Re: [GIT pull] perf/urgent for 5.7-rc2

From: Ingo Molnar
Date: Mon Apr 20 2020 - 03:48:52 EST



* Josh Poimboeuf <jpoimboe@xxxxxxxxxx> wrote:

> On Sun, Apr 19, 2020 at 11:56:51AM -0700, Linus Torvalds wrote:
>
> > So I'm wondering if there any way that objtool could be run at
> > link-time (and archive time) rather than force a re-build of all the
> > object files from source?
>
> We've actually been making progress in that direction. Peter added
> partial vmlinux.o support, for Thomas' noinstr validation. The problem
> is, linking is single-threaded so it ends up making the kernel build
> slower overall.
>
> So right now, we still do most things per compilation unit, and only do
> the noinstr validation at vmlinux.o link time. Eventually, especially
> with LTO, we'll probably end up moving everything over to link time.

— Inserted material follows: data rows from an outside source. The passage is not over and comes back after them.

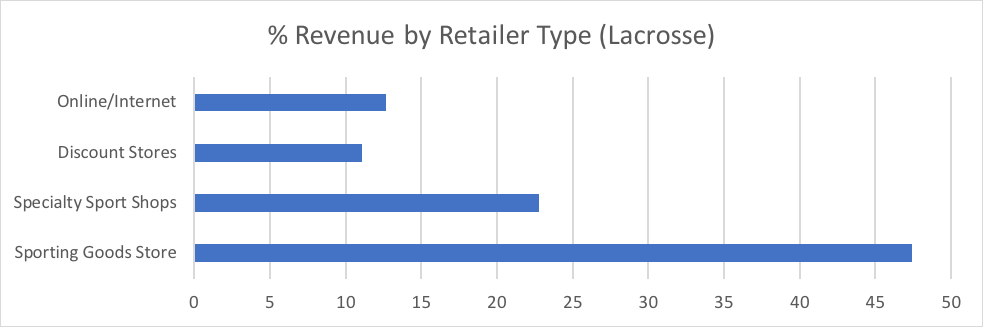 Revenue Graph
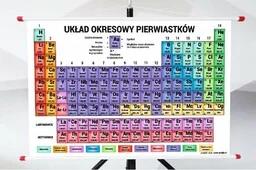 Plansza - Układ Okresowy Pierwiastków - Pomoce naukowe - miniaturka - grafika 1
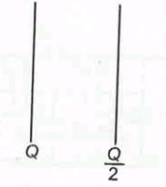 Force between two conducting large plates , with charges Q and Q/2 as shown in the figure, is (Area of each face of plate =A)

Fortunately, much of what objtool does against vmlinux.o can be
parallelized in a rather straightforward fashion I believe, if we build
with -ffunction-sections.

Here's the main "objtool check" processing steps:

int check(const char *_objname, bool orc)
{
...
ret = decode_sections(&file);
...

ret = validate_functions(&file);
...
ret = validate_unwind_hints(&file);
...
ret = validate_reachable_instructions(&file);
...
ret = create_orc(&file);
...
ret = create_orc_sections(&file);
}

The 'decode_sections()' step takes about 92% of the runtime against
vmlinux.o:

$ taskset 1 perf stat --repeat 3 --sync --null tools/objtool/objtool check vmlinux.o

Performance counter stats for 'tools/objtool/objtool check vmlinux.o' (3 runs):

3.05757 +- 0.00247 seconds time elapsed ( +- 0.08% )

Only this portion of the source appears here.